Dat Roeske’s ongeëvenaarde “Apollo” aan het slot van de avond de zaal tot uitbundig enthousiasme bracht, was te verwachten: dit koor vormt een klasse apart, dat is bekend. Maar dat door de elf deelnemende koren soms verrassend goed is gezongen, was bepaald een opmerkelijke winst. Wat bijvoorbeeld “Werkmanslust” uit Krommenie technisch presteerde, bereikte een uitzonderlijk hoog peil, dank zij de uitnemende directie van Lex Karsemeijer, die met dit prachtige stemmenmateriaal voor een gaaf resultaat zorgde.
Belangrijker dan alle koren te vermelden, lijkt mij de aandacht te vestigen op wàt er werd gezongen.

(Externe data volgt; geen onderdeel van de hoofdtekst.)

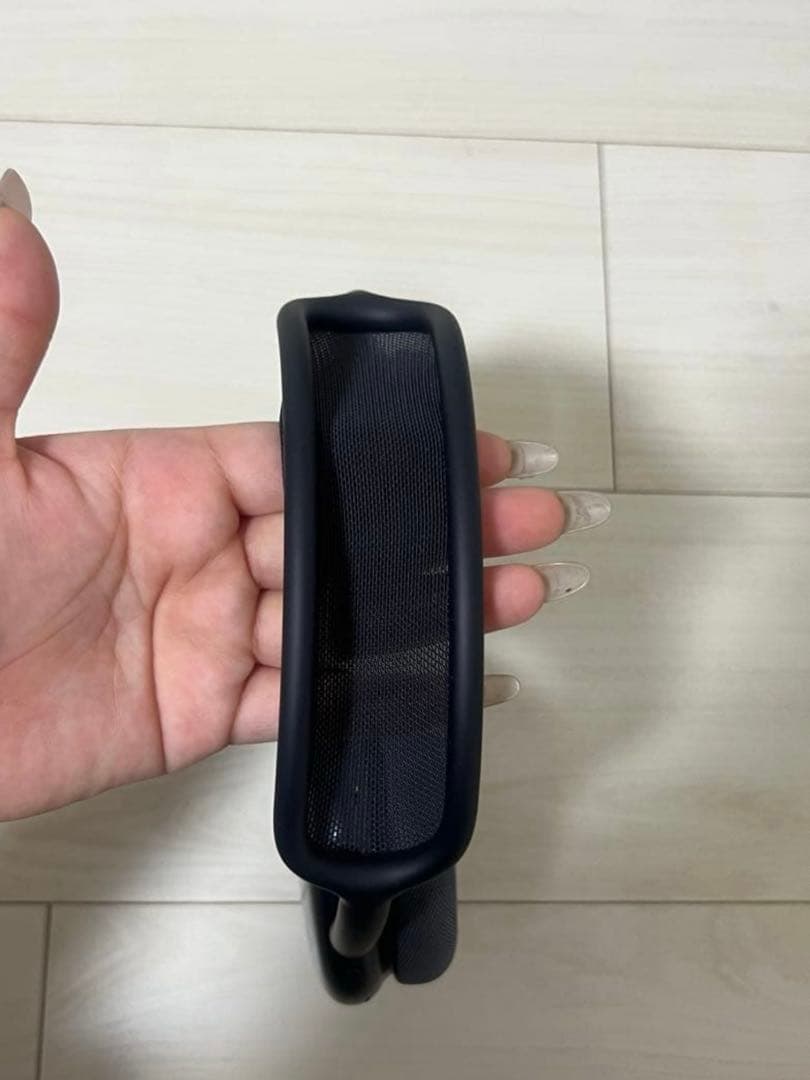 Apple Airpods Max Usb-C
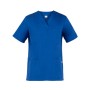 CASACCA ROSSINI GIBLOR'S JASON - BLU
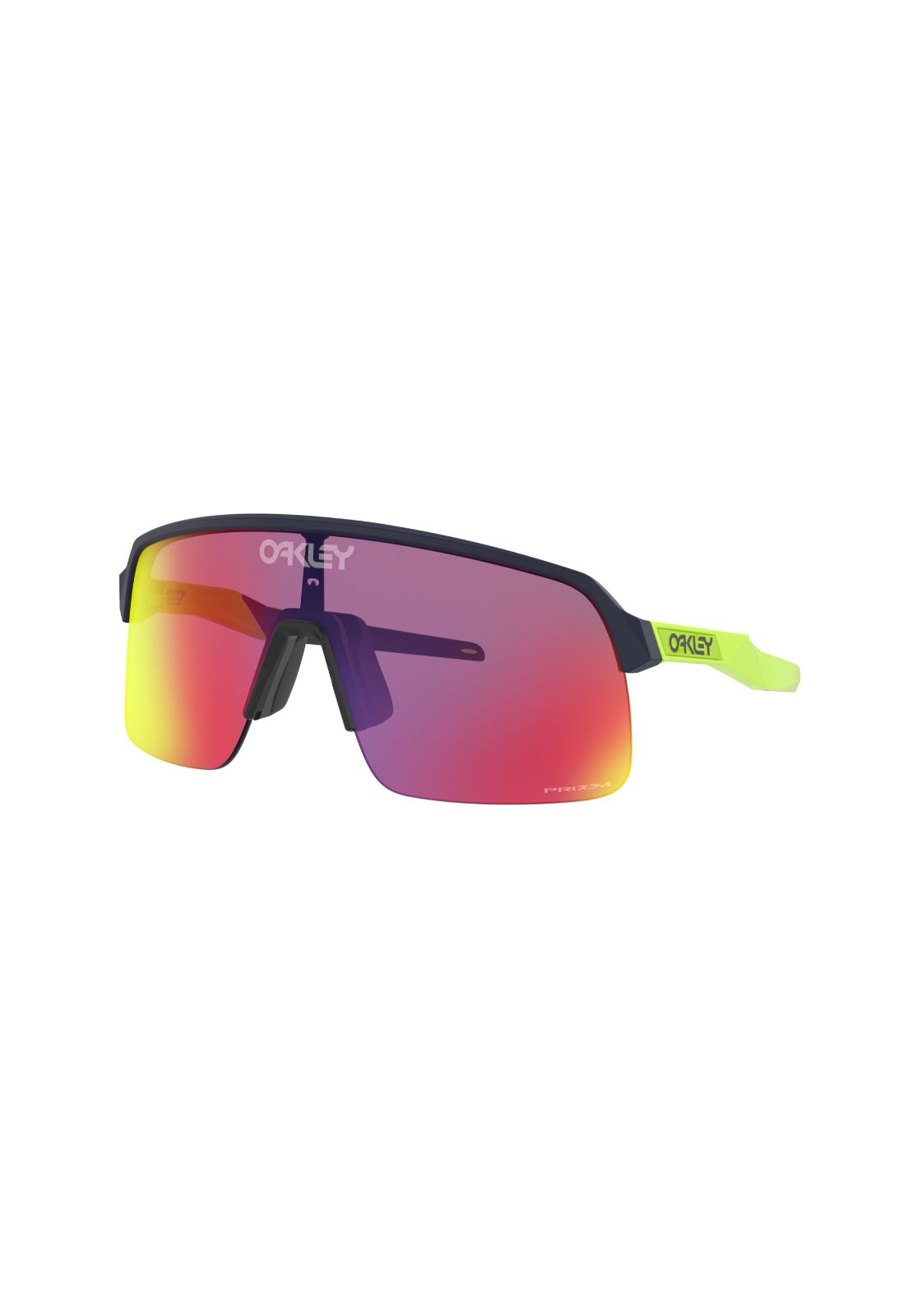 Oakley Lentes de Sol Sutro Lite Prizm OO9463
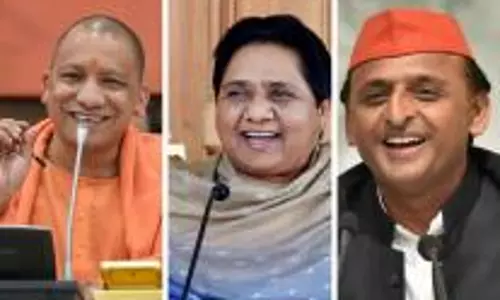 എസ്പി - ബിഎസ്പി സഖ്യം തുടര്‍ന്നേക്കും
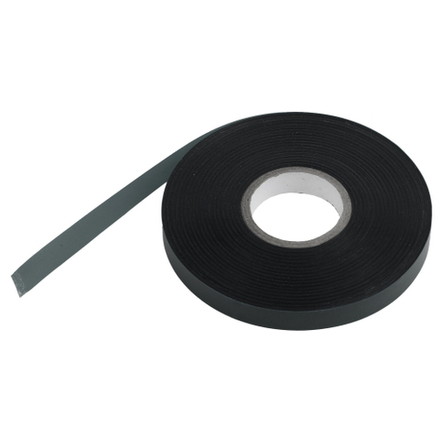 GPT-27 GREEN APPLE Лента для подвязки 12мм*40м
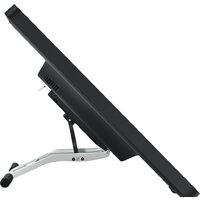 Графический монитор Huion Kamvas Pro 24 - Изображение №6 — Chaika Market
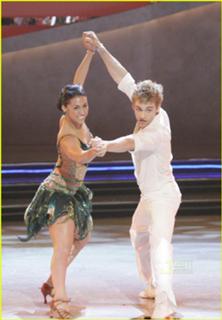 Lauren Gottlieb feet photo 14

Ik schreef daar vorige week reeds over, en zou dan ook kunnen volstaan met op te merken dat het repertoire doorgaans artistiek van betekenis was, ware het niet dat ook hier enkele verrassingen waren.
De opvallendste er van was wel een nieuw werk van Kees Kef, “Paradise regained” op tekst van Marsman: een voortreffelijk klinkende muziek, heel bijzonder en suggestief van klankvoorstelling, persoonlijk en bepaald origineel van vinding en sfeer. Een duidelijke aanwinst voor onze koorliteratuur.
Treffend waren ook Dvorák’s vrijwel onbekende koortje, dat Joep Schreurs had gekozen, en Janácek’s merkwaardig Slavische werk, dat Jac. Kort op het programma had geplaatst.